That's a good question. Speaking for myself... I'd settle for some comibined metric of "fewer security bugs" and "fewer unintentional behaviors" (per spec). You could argue about UX and such, but most of the real damage that's caused by defective software is basically about security bugs. The "fewer unintentional behaviors" bit is triciker, but math and precision (about what you want) can help with that. Usually a (mathematical) spec is shorter and more concise than the program implementing it.
The problem is that once you get to defining your specs as programs themselves, they can have bugs, and the closer those specs get to maths, the less the people who actually define the specs in the first place - usually neither programmers nor mathematicians - can understand them, reducing the likelihood that anyone will notice the deviations between the spec and what users actually want.
Additionally, frankly, "reliable software" isn't something that's needed at least 99 times out of 100. Software that more-or-less gets some specific task done is. Those tasks can change from day to day, and generally require a few tries before the person who gave the task is even sure what they want, so RAD is more of a necessity than spec-based development.

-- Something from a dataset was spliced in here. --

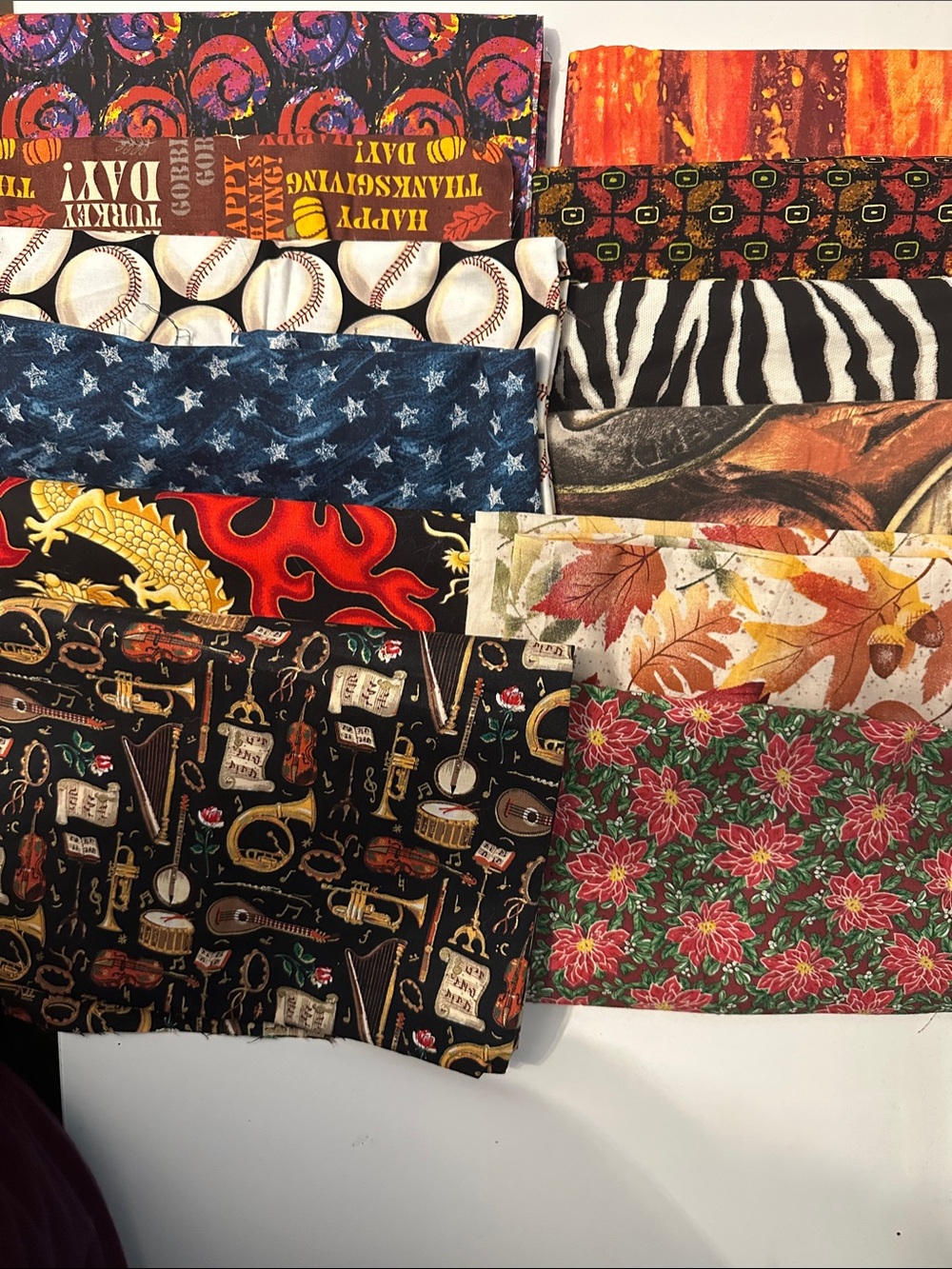 Assorted Holiday & Themed Fabric Bundle Remanants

Basically, we now have this entire class of information workers, and very few tools to give them that are any better than an Excel spreadsheet for the most part. I don't see the article as trying to give traditional programmers new tools, it's trying to give information workers new tools, and probably traditional programmers will find some of those useful.
> I don't see the article as trying to give traditional programmers new tools, it's trying to give information workers new tools, and probably traditional programmers will find some of those useful.
That puts it much more clearly than I managed. Thanks :)
Eventually though, software has to solve a real problem for a human being, and real problems (and humans) tend to be messy. A spec should model the problem and its solution, and will inevitably be sort of messy as a consequence. I also doubt that any spec survives implementation. Solutions must be adapted as the understanding of a problem and its appropriate solutions grow, and it is almost impossible to gain that understanding without experimentation (partial implementation).
I think the distinction is between agile (we'll start with a vague spec, and flush it out as we go) and waterfall (we'll start with the perfect spec before we start coding). Obviously, there are many points in between.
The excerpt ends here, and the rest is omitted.